City of Rochester Confronts Dual Threat: Naturally occurring disasters and bioterrorism addressed with $11.9 million fund

The University of Rochester Medical Center has received a five-year contract, worth approximately $11.9 million, from the National Institute of Allergy and Infectious Diseases (NIAID) to research flu viruses. This funding will support the center's ongoing efforts to use mathematical modeling to enhance human immune responses against potentially lethal viruses.

The center, led by researchers Alan Perelson and Ruy Riberio of the Los Alamos National Laboratory, along with John Treanor, David Topham, Tim Mosmann, Stephen Welle, Alexandra Livingstone, Mark Sangster, Luis Martinez-Sobrido, Brian Ward, Hongyu Miao, Hua Liang, Gregory Warnes, Jingming Ma, Anthony Almudevar, and Jeanne Holden-Wiltse from the University of Rochester Medical Center, will focus on studying how the immune system responds to flu vaccines.

The aim is to understand why some people have a good response and others don't.
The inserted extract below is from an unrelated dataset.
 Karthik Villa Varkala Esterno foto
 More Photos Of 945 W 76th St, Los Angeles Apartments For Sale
To achieve this, the research team will collect blood samples from small groups of people for 11 days after they receive the seasonal flu vaccine. They will also do a similar study in mice and compare the human and animal data to gain valuable information about responses to flu vaccines.
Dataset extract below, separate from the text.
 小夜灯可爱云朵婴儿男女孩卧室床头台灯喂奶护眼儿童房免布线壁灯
The research will involve analyzing the samples in a battery of cutting-edge cell, protein, and gene expression tests. The data from mice and humans will be used to simulate different flu scenarios and test medical interventions. Using models and simulations is commonplace in many industries, and biomedical research has adopted a similar approach for designing effective vaccines and therapies in the shortest amount of time.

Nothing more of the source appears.